-- MATERIAL SUPPLIED follows --

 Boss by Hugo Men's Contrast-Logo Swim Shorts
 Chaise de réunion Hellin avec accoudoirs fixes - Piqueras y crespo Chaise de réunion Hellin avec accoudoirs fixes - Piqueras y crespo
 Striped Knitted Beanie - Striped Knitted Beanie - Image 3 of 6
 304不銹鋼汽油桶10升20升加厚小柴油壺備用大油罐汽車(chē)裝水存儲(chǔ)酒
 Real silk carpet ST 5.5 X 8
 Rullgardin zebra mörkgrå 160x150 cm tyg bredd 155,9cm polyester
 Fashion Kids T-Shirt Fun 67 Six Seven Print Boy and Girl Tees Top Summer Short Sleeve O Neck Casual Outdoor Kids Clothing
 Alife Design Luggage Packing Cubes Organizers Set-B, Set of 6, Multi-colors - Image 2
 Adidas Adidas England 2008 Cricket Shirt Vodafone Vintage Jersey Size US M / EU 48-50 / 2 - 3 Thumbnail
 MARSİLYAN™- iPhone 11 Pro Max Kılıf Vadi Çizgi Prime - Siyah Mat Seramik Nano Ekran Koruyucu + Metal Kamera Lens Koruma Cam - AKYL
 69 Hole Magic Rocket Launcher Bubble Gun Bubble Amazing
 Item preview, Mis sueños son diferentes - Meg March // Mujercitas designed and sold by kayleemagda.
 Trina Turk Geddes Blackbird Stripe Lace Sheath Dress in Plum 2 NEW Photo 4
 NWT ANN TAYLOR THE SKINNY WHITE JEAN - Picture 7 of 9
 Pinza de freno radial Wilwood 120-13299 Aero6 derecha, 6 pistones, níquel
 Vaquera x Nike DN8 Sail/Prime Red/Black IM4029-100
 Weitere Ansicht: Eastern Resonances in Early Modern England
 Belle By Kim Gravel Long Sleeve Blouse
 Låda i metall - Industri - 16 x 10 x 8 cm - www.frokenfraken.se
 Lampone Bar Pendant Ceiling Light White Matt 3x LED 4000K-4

-- MATERIAL SUPPLIED concluded --

The material above is to be reproduced exactly as written.

 Boss by Hugo Men's Contrast-Logo Swim Shorts
 Chaise de réunion Hellin avec accoudoirs fixes - Piqueras y crespo Chaise de réunion Hellin avec accoudoirs fixes - Piqueras y crespo
 Striped Knitted Beanie - Striped Knitted Beanie - Image 3 of 6
 304不銹鋼汽油桶10升20升加厚小柴油壺備用大油罐汽車(chē)裝水存儲(chǔ)酒
 Real silk carpet ST 5.5 X 8
 Rullgardin zebra mörkgrå 160x150 cm tyg bredd 155,9cm polyester
 Fashion Kids T-Shirt Fun 67 Six Seven Print Boy and Girl Tees Top Summer Short Sleeve O Neck Casual Outdoor Kids Clothing
 Alife Design Luggage Packing Cubes Organizers Set-B, Set of 6, Multi-colors - Image 2
 Adidas Adidas England 2008 Cricket Shirt Vodafone Vintage Jersey Size US M / EU 48-50 / 2 - 3 Thumbnail
 MARSİLYAN™- iPhone 11 Pro Max Kılıf Vadi Çizgi Prime - Siyah Mat Seramik Nano Ekran Koruyucu + Metal Kamera Lens Koruma Cam - AKYL
 69 Hole Magic Rocket Launcher Bubble Gun Bubble Amazing
 Item preview, Mis sueños son diferentes - Meg March // Mujercitas designed and sold by kayleemagda.
 Trina Turk Geddes Blackbird Stripe Lace Sheath Dress in Plum 2 NEW Photo 4
 NWT ANN TAYLOR THE SKINNY WHITE JEAN - Picture 7 of 9
 Pinza de freno radial Wilwood 120-13299 Aero6 derecha, 6 pistones, níquel
 Vaquera x Nike DN8 Sail/Prime Red/Black IM4029-100
 Weitere Ansicht: Eastern Resonances in Early Modern England
 Belle By Kim Gravel Long Sleeve Blouse
 Låda i metall - Industri - 16 x 10 x 8 cm - www.frokenfraken.se
 Lampone Bar Pendant Ceiling Light White Matt 3x LED 4000K-4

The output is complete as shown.